Elk graze on the patches if lush green grass, and praire dogs stand so still in sentinel position that I at first think one is a statue. Until it turns its head.


The Mammoth Hot Springs are quite imperssive. The colour of the structures is gorgeous.


Kildeer



Heading south now, we stop at the Sheepeater cliffs. These are quite impressive, but the wind is fierce. Tim is feeling a little exhausted, and I decide this is prime pika territory, and thus begin to stroll down the path. Then I remember this is also bear country, and one should not wander in bear country alone. Plus the wind is annoying, and thus I turn back. I doubt there were any pika about, anyhow.

They are named the Sheepeater cliffs after the tribe of Indians how lived here. And ate sheep, obviously!

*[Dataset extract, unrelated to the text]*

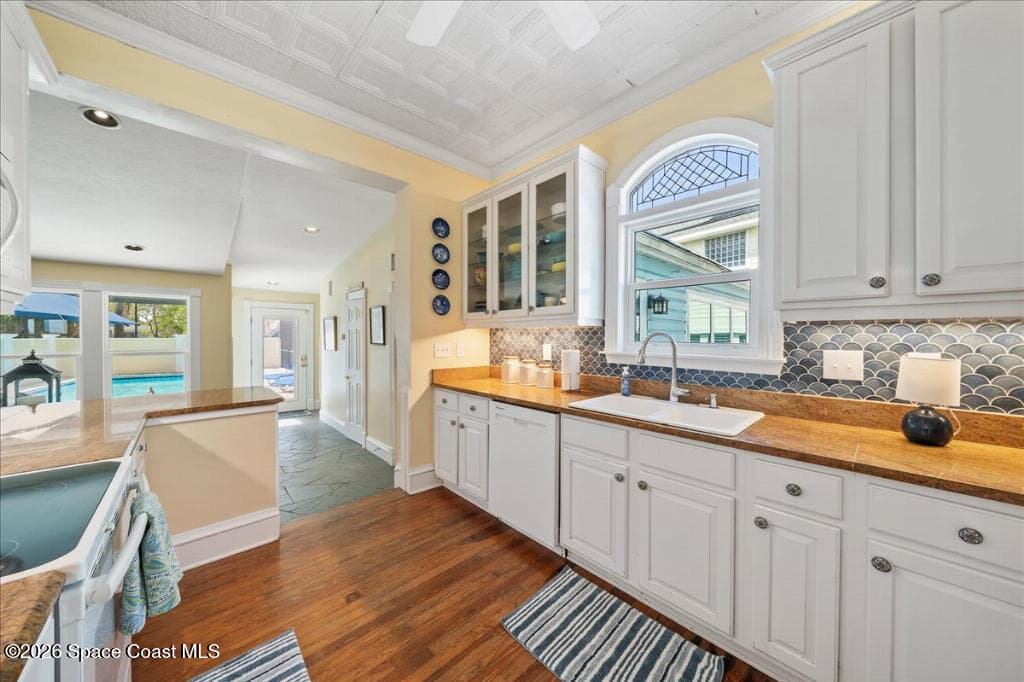 1110 Riverside Drive photo 17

It is just past noon when we head out of Yellowstone:
And onwards, into Montana. Outside of Yellowstone is a town called Gardiner. Gardiner is pretty tacky looking - an amalgamation of gift stores and t-shirt stores and cafes, specifically geared for those visitors to the park that do not wish to stay inside the park. We then follow the Yellowstone River north. For anyone planning to visit Yellowstone, if you wish to stay inside the park, book with Xanterra (they also do the Grand Canyon) DO NOT book yourself into West Yellowstone, because it is NOT that close to the park. It is a town in its own right. We noticed many of the accommodation places along the river had "Yellowstone" in their name.

Montana has several claims: "The Treasure State" certainly trumps Idaho's "Famous Potatoes" but it does seem to live up to its Big Sky Country Monniker. Like Wyoming, it is pink and green, unlike Wyoming, however, it is not flat and dull, but bumpy and pretty. Whilst the sky does indeed seem mighty (and rather stormy looking), the mountains seem to roll away over the horizon. And they farm bison here as well as cattle, I believe.


Of all the States we visited this trip (except perhaps for Idaho), I feel Montana is the one we did the least justice to. We spent only one night here, and I only took a handful of pictures through the window of the car, thus I cannot capture the Big Sky feel. The weather was drizzmal. We stopped for lunch outside of Livingston, where we ate pizza and then headed towards Bozeman and into torrential rain. Dismounting from the car and unloading in the rain, Tim somehow managed to injure his leg and because the rain did not cease, the remainder of the afternoon was spent watching cooking shows on tv* and the snow falling and melting before it hit the ground. We ate dinner at the adjoining Mexican restaurant and had an early night. There's a six hour ahead of us tomorrow.